■ Exercise requirements
Return only these lines: the one that contains "1978 Chefrolet Corvette" and every line after it through the end of the listing, exactly, without pictures.

Segment Start: Information

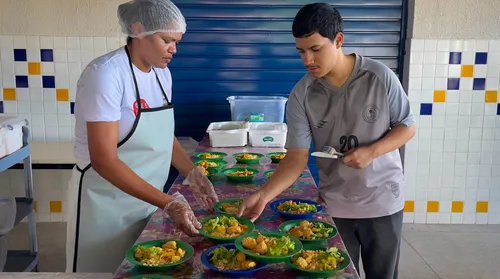 Ações nas escolas integram estratégia de Alagoas contra a insegurança alimentar - Imagem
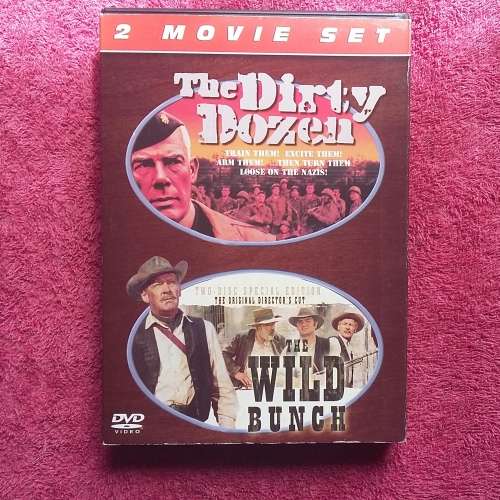 2 Classic Movie Box Set Dvds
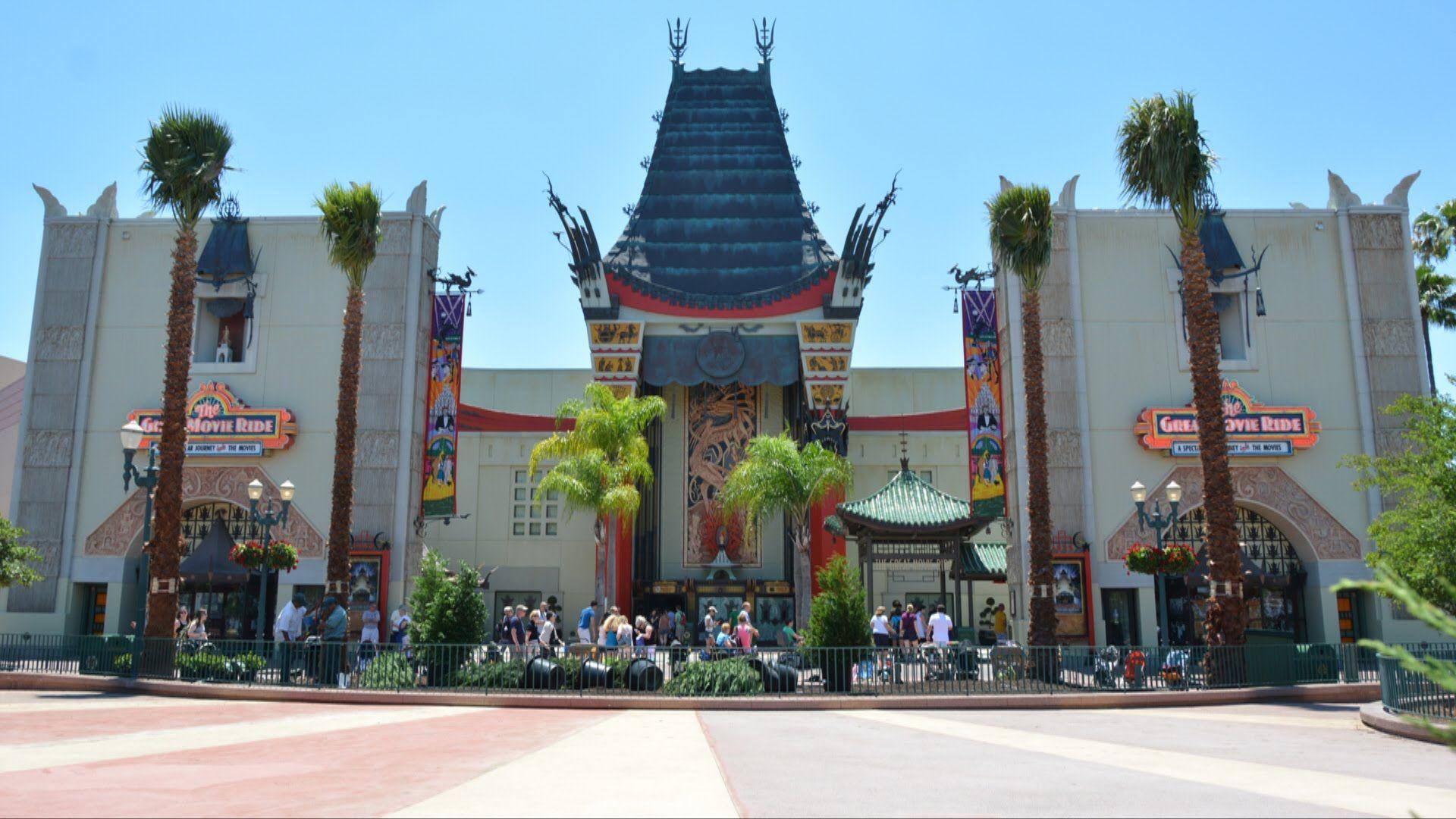 Chinese Theater at Disney's Hollywood Studios Walls Down, Returns
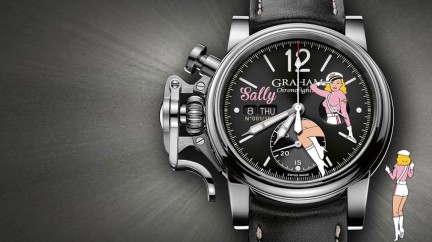 Chronofighter Vintage Nose Art Ltd - Graham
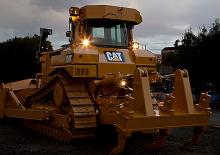 Apripista cingolati Caterpillar D7R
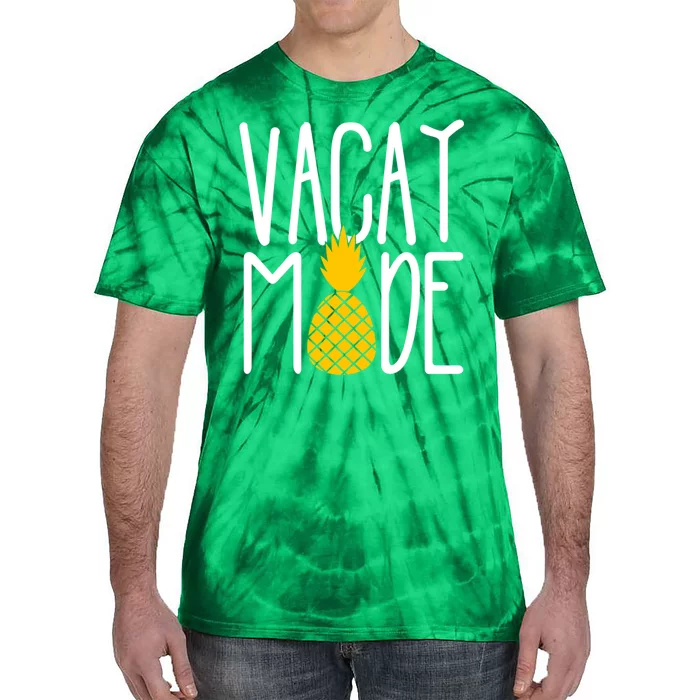 Vacay Mode Cute Pineapple Tie-Dye T-Shirt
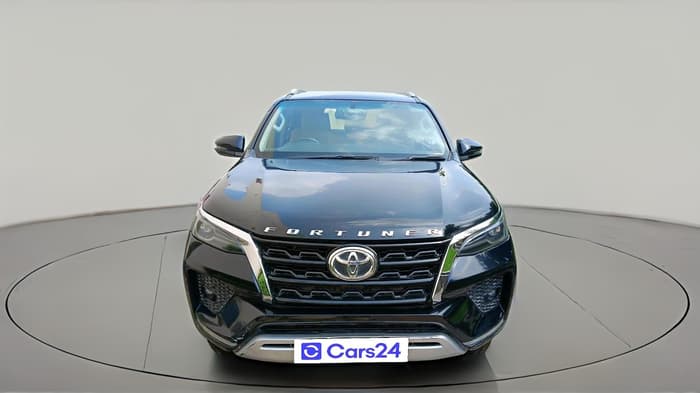 2021 Toyota Fortuner 2.8 4X4 AT, Diesel, Automatic, 1,87,452 km, exterior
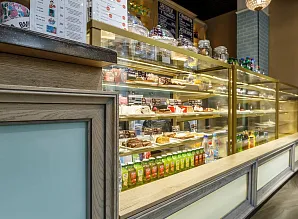 Производство мебели и стойки бара для ресторана Ванильное небо в БЦ «Baker Plaza» Фото 9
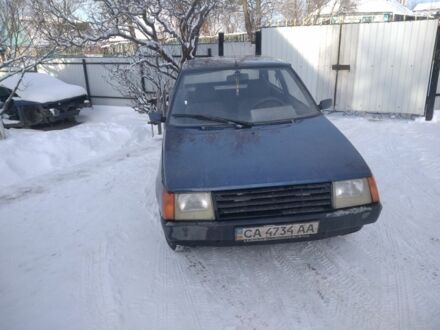 Синій ЗАЗ 1102 Таврія, об'ємом двигуна 1.2 л та пробігом 155 тис. км за 600 $, фото 1 на Automoto.ua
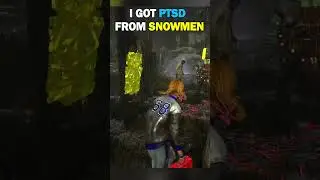 Survivor Scares Me With Snowman - DbD Dead By Daylight Bone Chill Event 2022 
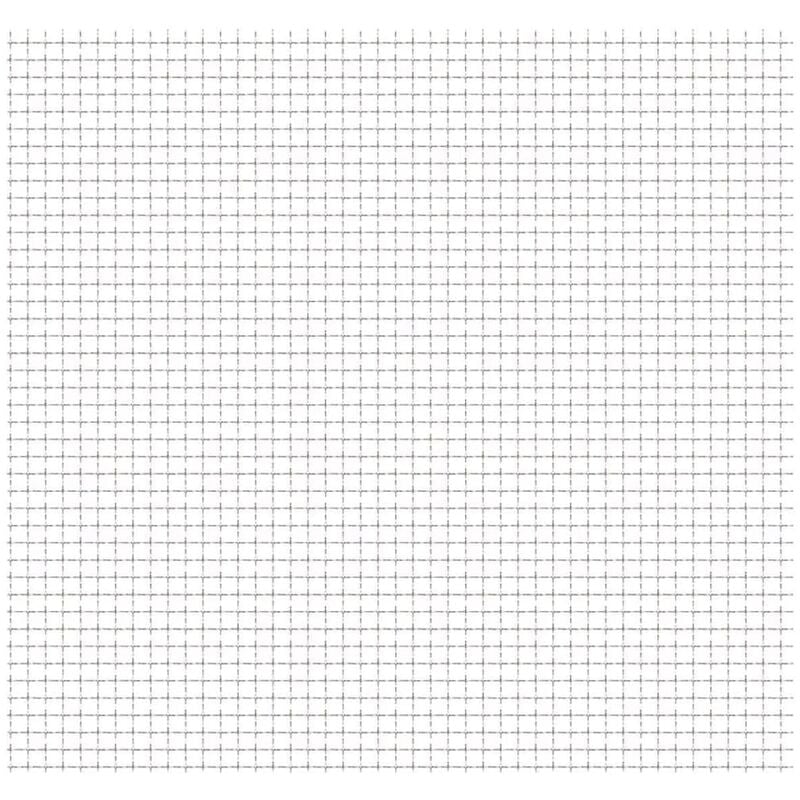 foto del prodotto recinzione in rete modulare in acciaio inox 50x50 cm 31x31x3 mm vidaxl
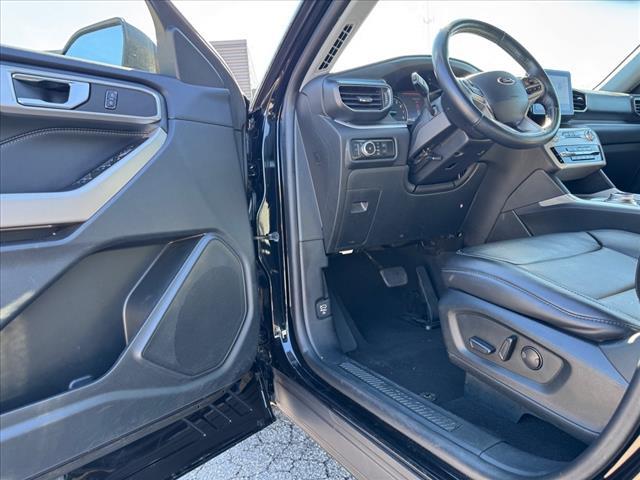 used 2023 Ford Explorer car, priced at $25,731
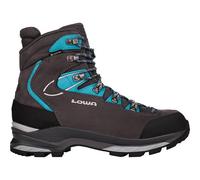 LOWA Damen Trekkingstiefel MAURIA EVO GTX Ws (220721) 39 ½ ANTHRAZIT/TUERKIS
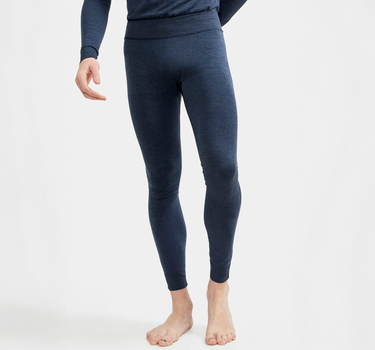 Craft - CORE Dry Active Comfort Pant M - Tights Med Eget Logo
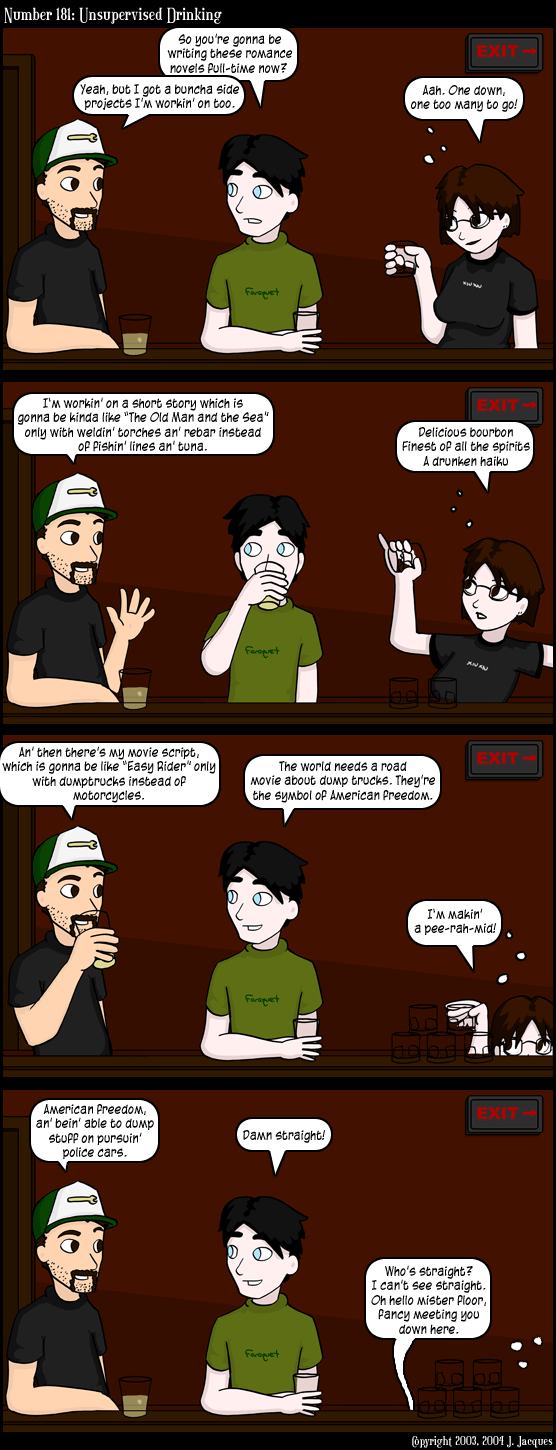 Questionable Content 8.9.2004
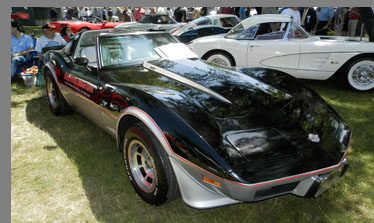 1978 Chefrolet Corvette Indy 500 Pace Car T-Top - photo by Luxury Experience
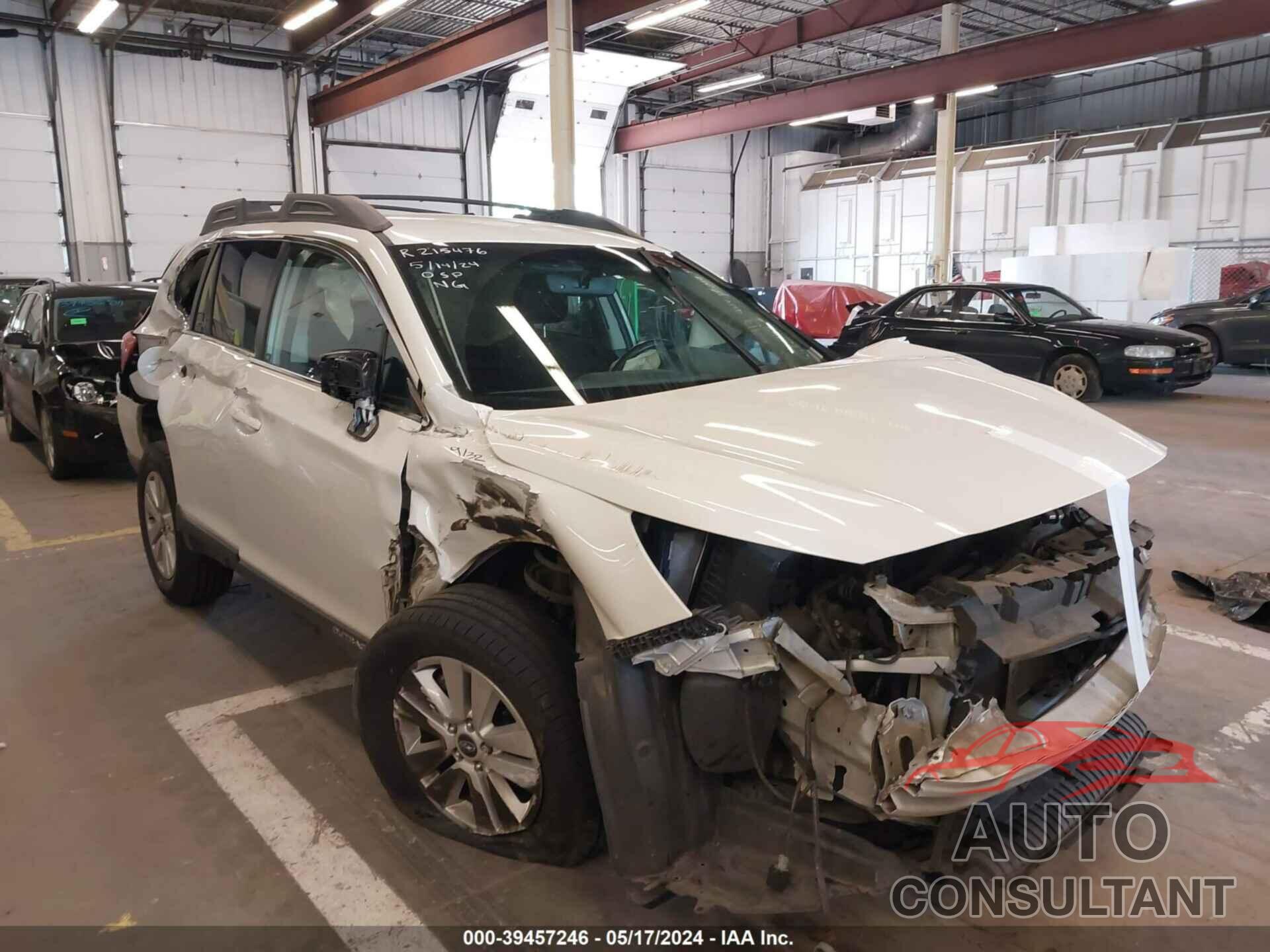 SUBARU OUTBACK 2017 - 4S4BSACC8H3289570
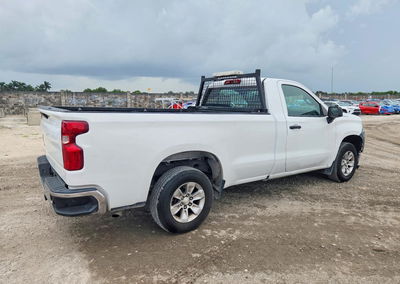 2020 Chevrolet Silverado C1500, uszkodzenie: Drobne wgniecenia/zarysowania, Copart lot 67093646, zdjęcie 3 z 6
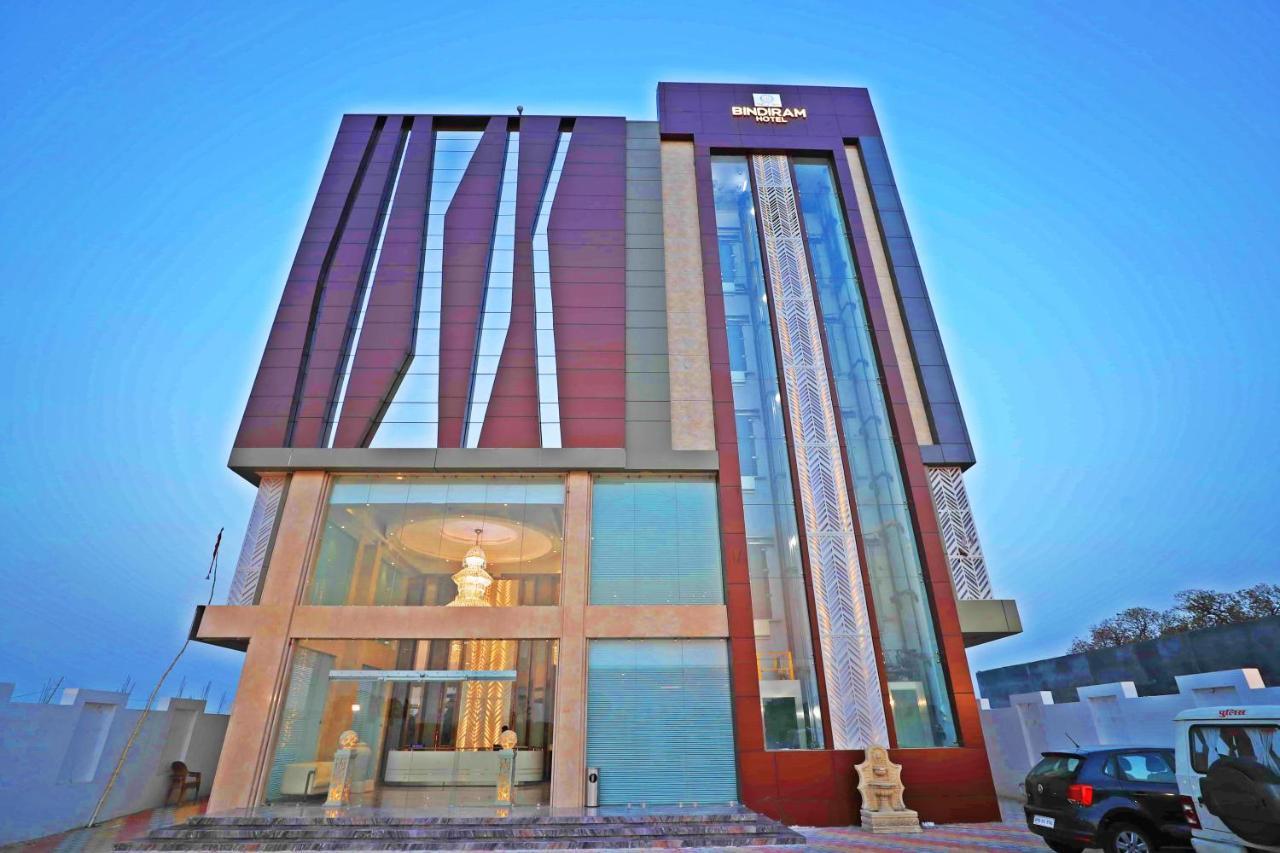 Bindiram Express By Shrigo Hotels Sitapur Muafi 외부 사진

Segment End: Information

■ Finished exercise
 1978 Chefrolet Corvette Indy 500 Pace Car T-Top - photo by Luxury Experience
 SUBARU OUTBACK 2017 - 4S4BSACC8H3289570
 2020 Chevrolet Silverado C1500, uszkodzenie: Drobne wgniecenia/zarysowania, Copart lot 67093646, zdjęcie 3 z 6
 Bindiram Express By Shrigo Hotels Sitapur Muafi 외부 사진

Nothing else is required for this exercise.